Each line in the material below, starting at the one that contains "powoq Floor Liner" and ending at the one that contains "Kit Porta De", should be repeated exactly; the pictures should not.
=-=-=
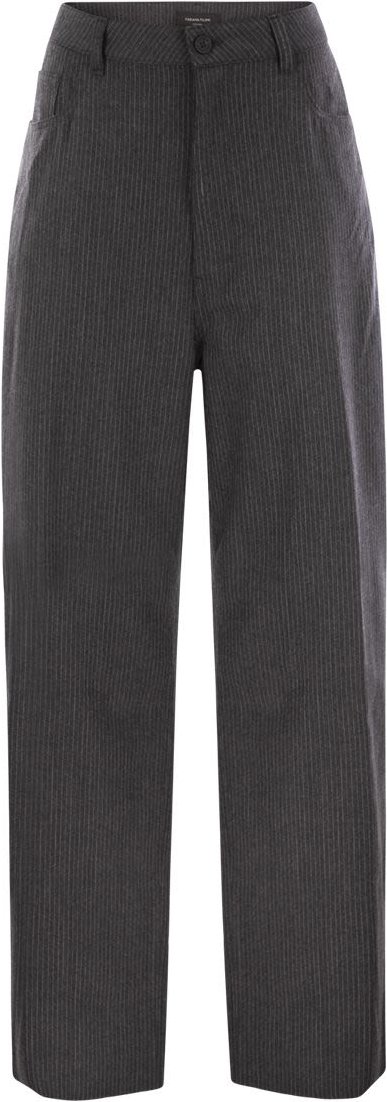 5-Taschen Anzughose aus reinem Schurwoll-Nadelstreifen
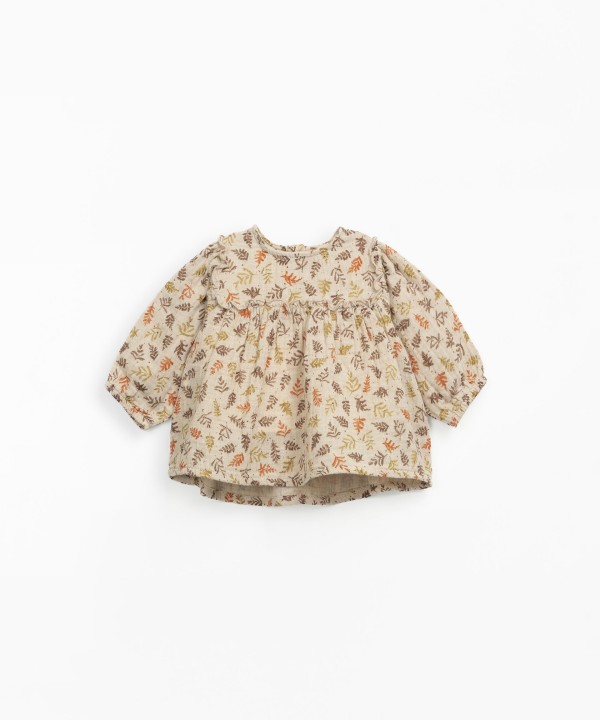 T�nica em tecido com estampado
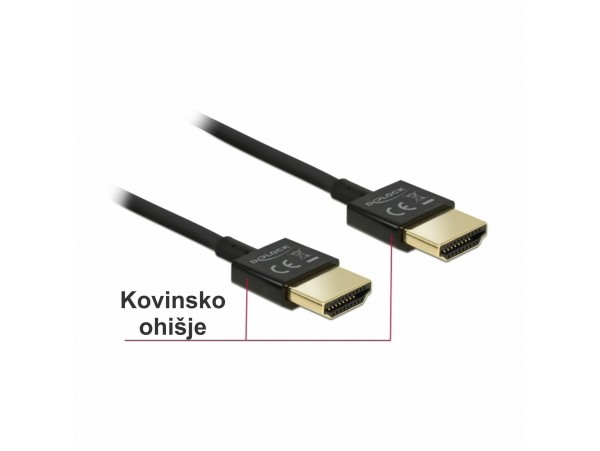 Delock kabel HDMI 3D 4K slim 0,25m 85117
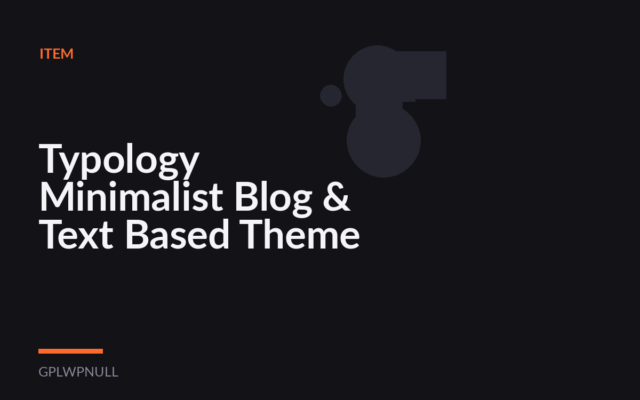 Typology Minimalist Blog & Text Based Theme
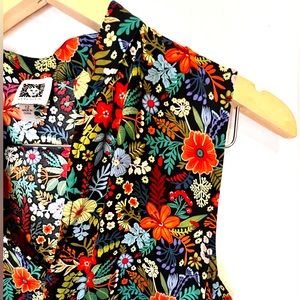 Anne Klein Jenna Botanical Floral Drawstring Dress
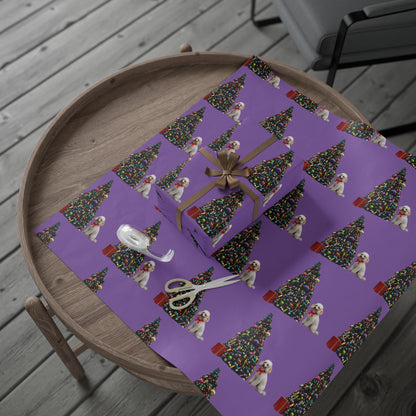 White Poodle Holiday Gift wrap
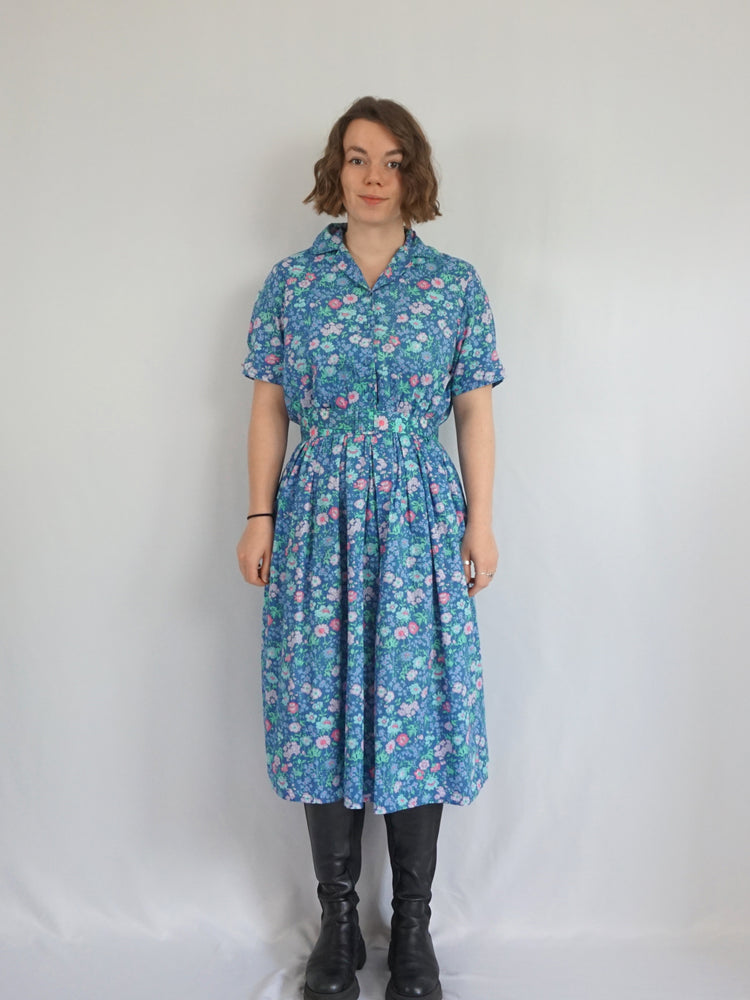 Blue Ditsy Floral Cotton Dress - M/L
=-=-=
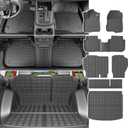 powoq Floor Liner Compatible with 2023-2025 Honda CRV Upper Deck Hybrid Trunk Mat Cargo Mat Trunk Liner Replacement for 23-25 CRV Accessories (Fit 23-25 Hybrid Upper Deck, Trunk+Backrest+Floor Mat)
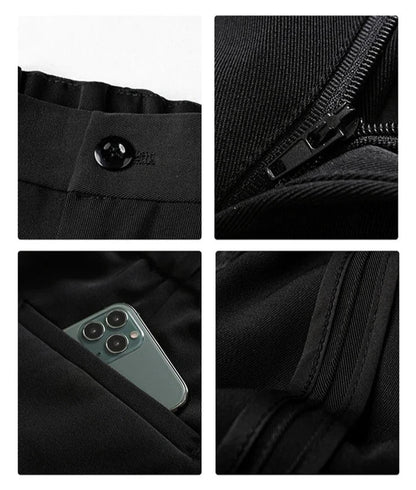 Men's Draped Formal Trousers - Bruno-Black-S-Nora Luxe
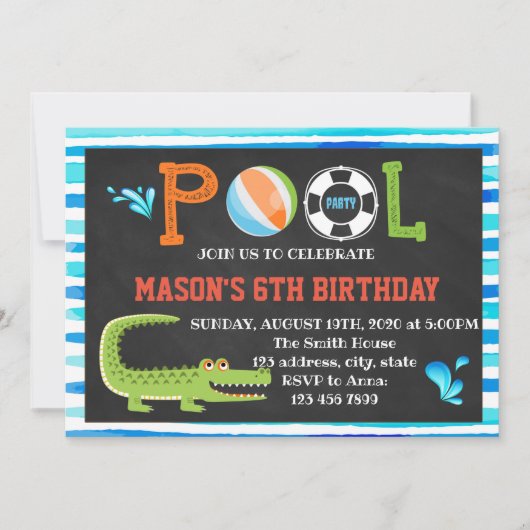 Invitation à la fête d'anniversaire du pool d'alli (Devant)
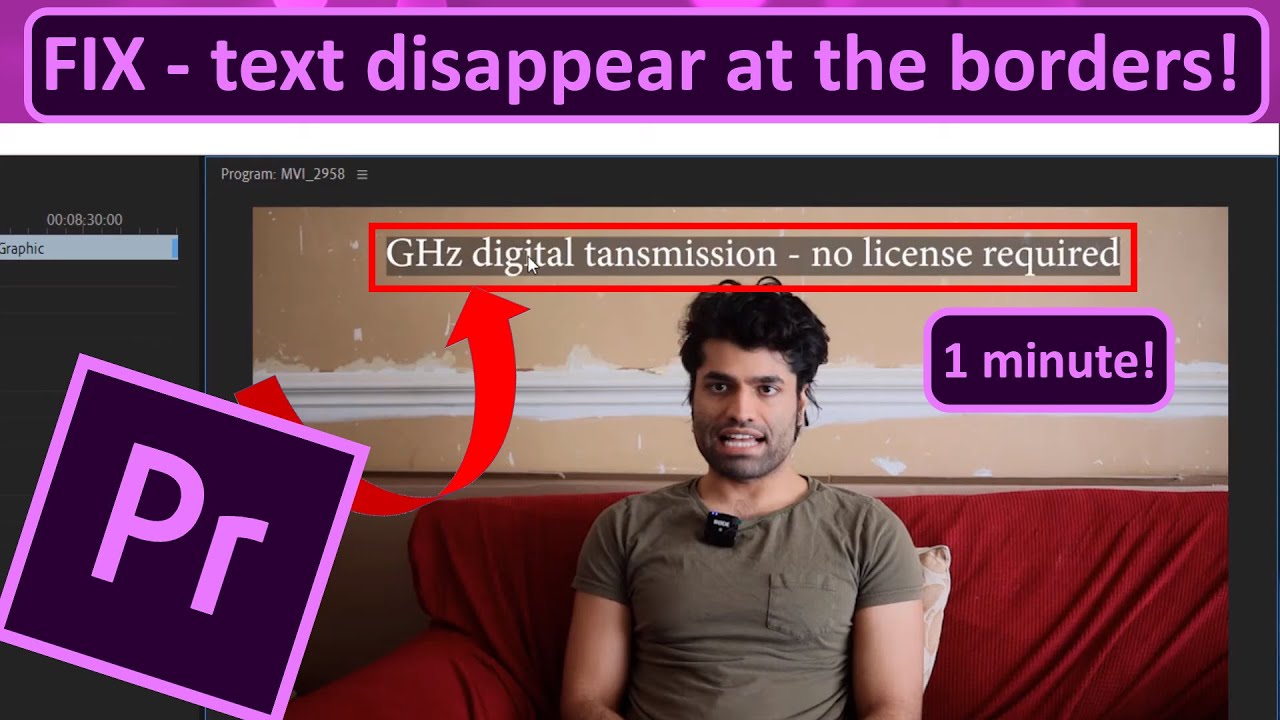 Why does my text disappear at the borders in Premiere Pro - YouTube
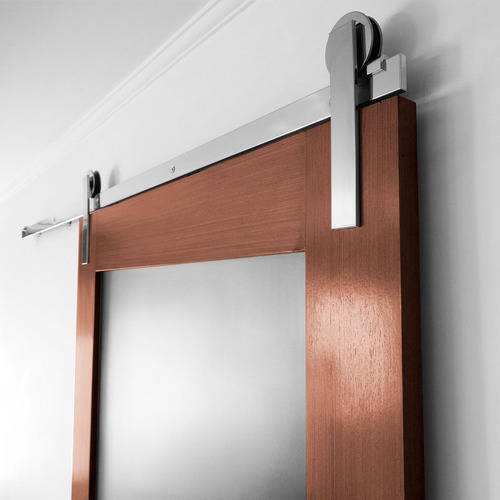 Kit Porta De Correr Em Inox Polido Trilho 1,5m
=-=-=
* **Answer to this task**
 powoq Floor Liner Compatible with 2023-2025 Honda CRV Upper Deck Hybrid Trunk Mat Cargo Mat Trunk Liner Replacement for 23-25 CRV Accessories (Fit 23-25 Hybrid Upper Deck, Trunk+Backrest+Floor Mat)
 Men's Draped Formal Trousers - Bruno-Black-S-Nora Luxe
 Invitation à la fête d'anniversaire du pool d'alli (Devant)
 Why does my text disappear at the borders in Premiere Pro - YouTube
 Kit Porta De Correr Em Inox Polido Trilho 1,5m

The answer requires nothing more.